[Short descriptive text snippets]
····················
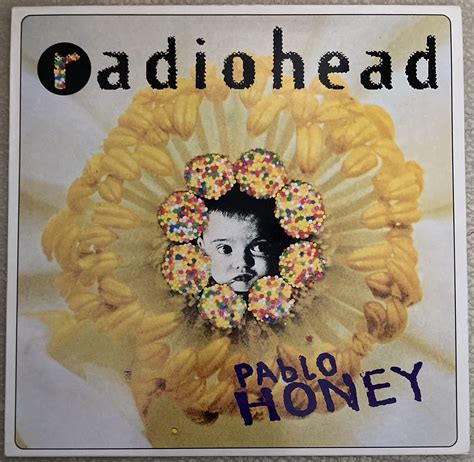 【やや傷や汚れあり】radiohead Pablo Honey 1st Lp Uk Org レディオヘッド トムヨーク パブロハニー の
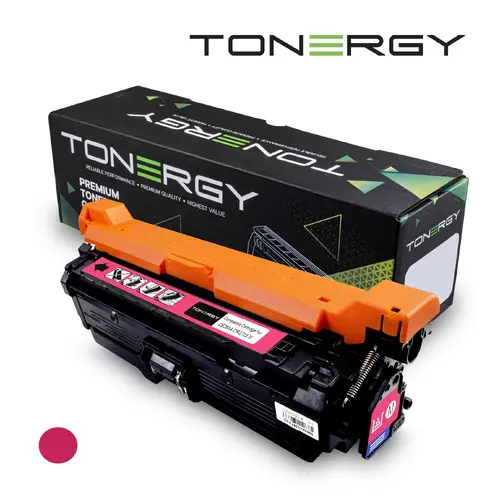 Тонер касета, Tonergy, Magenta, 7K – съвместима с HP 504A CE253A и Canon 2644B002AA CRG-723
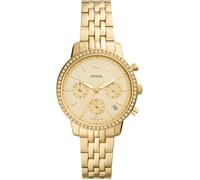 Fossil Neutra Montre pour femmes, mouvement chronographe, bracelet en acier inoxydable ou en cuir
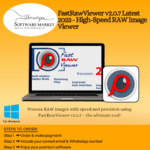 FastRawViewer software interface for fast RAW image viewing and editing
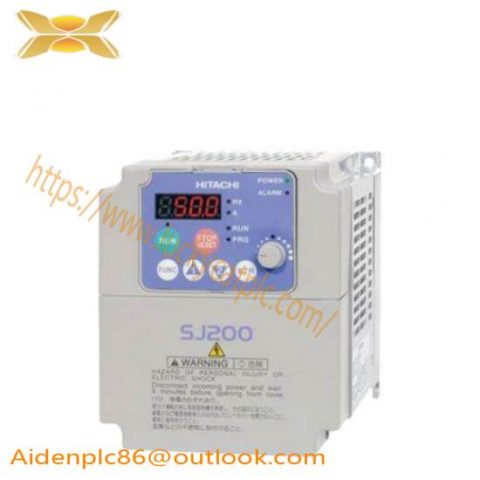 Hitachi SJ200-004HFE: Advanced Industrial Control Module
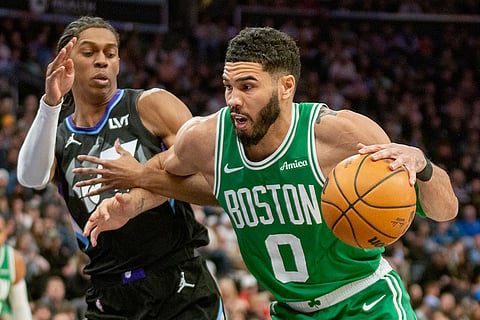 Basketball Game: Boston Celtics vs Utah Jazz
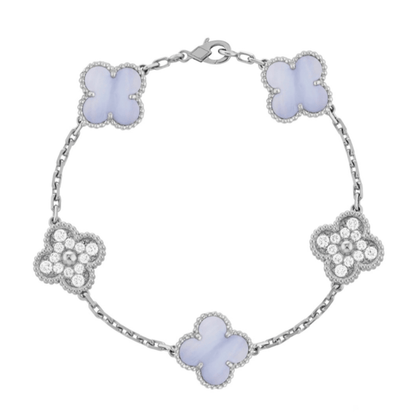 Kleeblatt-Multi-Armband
····················
**ABOUT THIS EXERCISE**
All of the data needs repeating exactly, but the pictures do not.

**OUTPUT FOR THIS TASK**
 【やや傷や汚れあり】radiohead Pablo Honey 1st Lp Uk Org レディオヘッド トムヨーク パブロハニー の
 Тонер касета, Tonergy, Magenta, 7K – съвместима с HP 504A CE253A и Canon 2644B002AA CRG-723
 Fossil Neutra Montre pour femmes, mouvement chronographe, bracelet en acier inoxydable ou en cuir
 FastRawViewer software interface for fast RAW image viewing and editing
 Hitachi SJ200-004HFE: Advanced Industrial Control Module
 Basketball Game: Boston Celtics vs Utah Jazz
 Kleeblatt-Multi-Armband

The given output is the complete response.